This is a short single-author economic essay: Rothbard treats the DeBeers diamond system as a case study in cartel theory, monopoly, and state privilege. Its scope is narrow but polemical: the apparent permanence of the international diamond cartel is explained not as a triumph of free-market monopoly, but as the result of political enforcement, now endangered by recession, Angolan wildcat mining, and strains within the cartel’s own quota system.
The international diamond cartel, the most successful cartel in history, far more successful than the demonized OPEC, is at last falling on hard times.

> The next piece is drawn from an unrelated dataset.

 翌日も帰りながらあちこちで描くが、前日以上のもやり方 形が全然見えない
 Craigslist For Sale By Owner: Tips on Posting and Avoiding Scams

Rothbard’s central move is to begin with the empirical anomaly: DeBeers seems to contradict the standard free-market claim that cartels are unstable. It has long restricted supply through its Central Selling Organization, thereby sustaining prices above competitive levels. Yet Rothbard immediately insists that even a strong cartel remains vulnerable to demand. Recession and reduced American purchases expose the fact that monopoly power cannot abolish consumer choice.
Even an unchallenged cartel, of course, does not totally control its price or its market; even it is at the mercy of consumer demand.
The essay then turns from conjuncture to theory. Rothbard restates the classical anti-cartel argument: restricted output creates incentives for cheating from within and new production from without. DeBeers therefore requires explanation precisely because it has lasted so long. His answer is the essay’s thesis: the diamond cartel did not survive because the market naturally produced a stable monopoly, but because political power suppressed competition.
The answer is simple: the market has not been really free.
South Africa supplies the institutional mechanism. Rothbard argues that nationalization of diamond mines, state licensing, and enforcement against “illegal” producers transformed what would otherwise have been competitive mining into a politically managed monopoly. DeBeers and compliant firms received access; independents were criminalized. The essay’s conceptual contrast is sharp: monopoly is not the result of private property and exchange, but of their suspension.
In short: the international diamond cartel was only maintained and has only prospered because it was enforced by the South African government.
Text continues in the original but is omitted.